Step 2: Map Your Topic Taxonomy
Topics are knowledge domains — the subject areas your business can genuinely demonstrate expertise, experience, and authority in.
Think of them as the index at the back of a book — the specific knowledge areas that appear across different pages, chapters, and sections. Topics are the areas of knowledge your business can credibly write about.”
They are stable. They don’t change when your content plan changes. The Definitions are static no matter who is talking about them. They are high-level enough to contain multiple articles, but specific enough to represent a real knowledge domain.

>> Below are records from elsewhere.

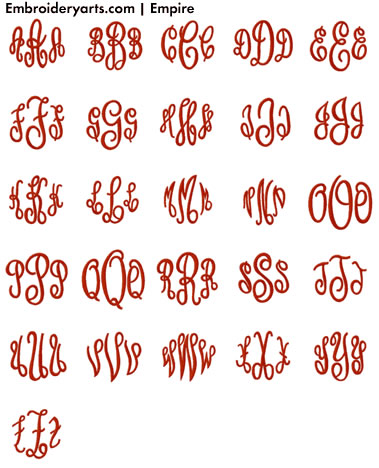 Empire Monogram Set 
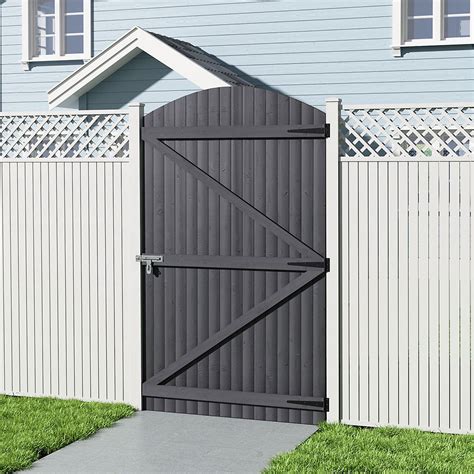 Wooden Arch Garden Gate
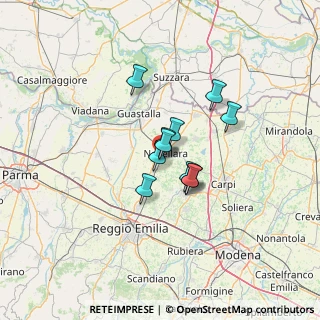 Mappa Via Emilio Alessandrini, 42017 Novellara RE, Italia (8.23)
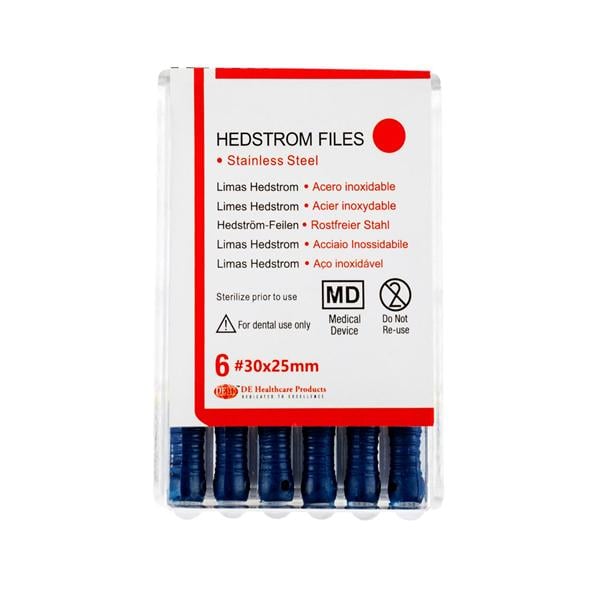 DEHP Hedstrom File 25mm Size 30 6pk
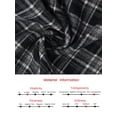 thumbnail image 7 of DARING DIVA Women's Plaid Vintage Wide Leg Trousers for Work Large Dark Blue, 7 of 7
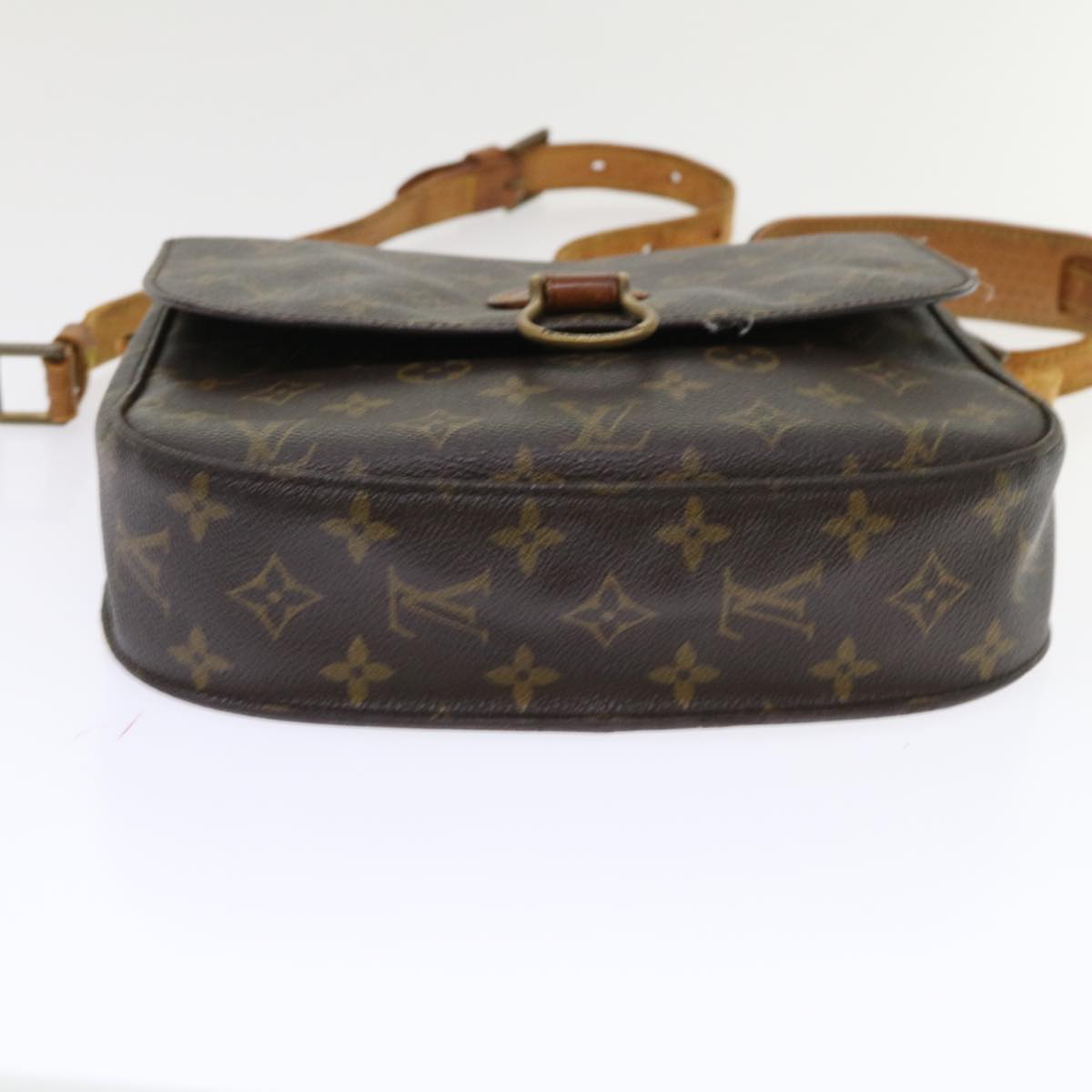 LOUIS VUITTON Monogram Saint Cloud GM Shoulder Bag M51242 LV Auth 47891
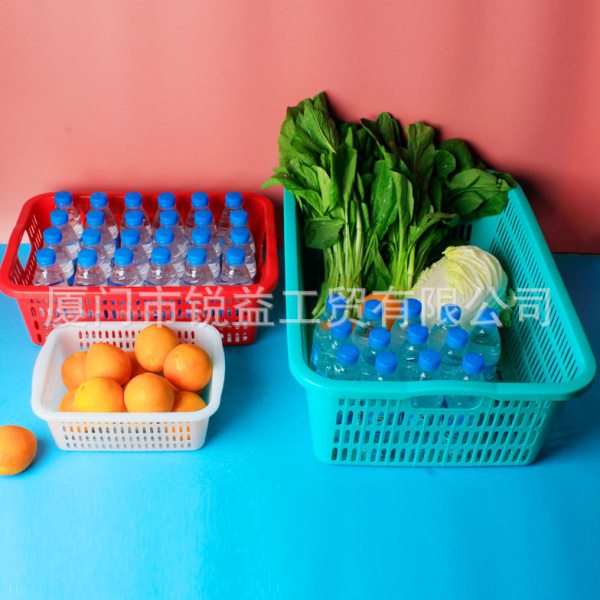 塑料加厚长方形框子收纳收碗盆沥水篮子筐子收纳篮配货拣货篮框子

A useful test: Would this topic have its own Wikipedia article?
This is not a coincidence — the Wikipedia match test is a reliable signal that a topic is at the right level of abstraction. Too broad (“Marketing”) fails because it’s not specific enough to your field. Too narrow (“How to write a subject line for a cold email to a plumber”) fails because it’s a tactic, not a knowledge domain.
Target: At least 18 out of 20 topics should map to an exact Wikipedia article. This matters because SCOS uses the Wikipedia URL as the sameAs value in schema markup — connecting your content to a globally recognised knowledge entity, (Entity Mapping) which strengthens semantic authority signals.
Format your taxonomy like this before entering into SCOS:
| Topic | Description | What This Answers |
|---|---|---|
| Relationship Conflict | Disagreement and tension between partners — its causes, patterns, and resolution | Why the same arguments keep happening and how to stop them |
| Anxiety | The experience of worry, tension, and overwhelm — what causes it and how to manage it | What anxiety actually is and what tools reliably help |
Aim for 10–20 topics during cluster selection. Later you can narrow it down to the important ones.
10-20 live topics in a strategy works ok for around 20-45 Articles – or plan for 2-3 pieces of supporting (article/case study) content per topic. (so if you are planning 15 articles stick to 3-5 Topics.)
Topics can have parent child relationships, if you have more than 8-10 Group them under 3–6 parent topics – Either the parent or child can be mapped to a piece of content.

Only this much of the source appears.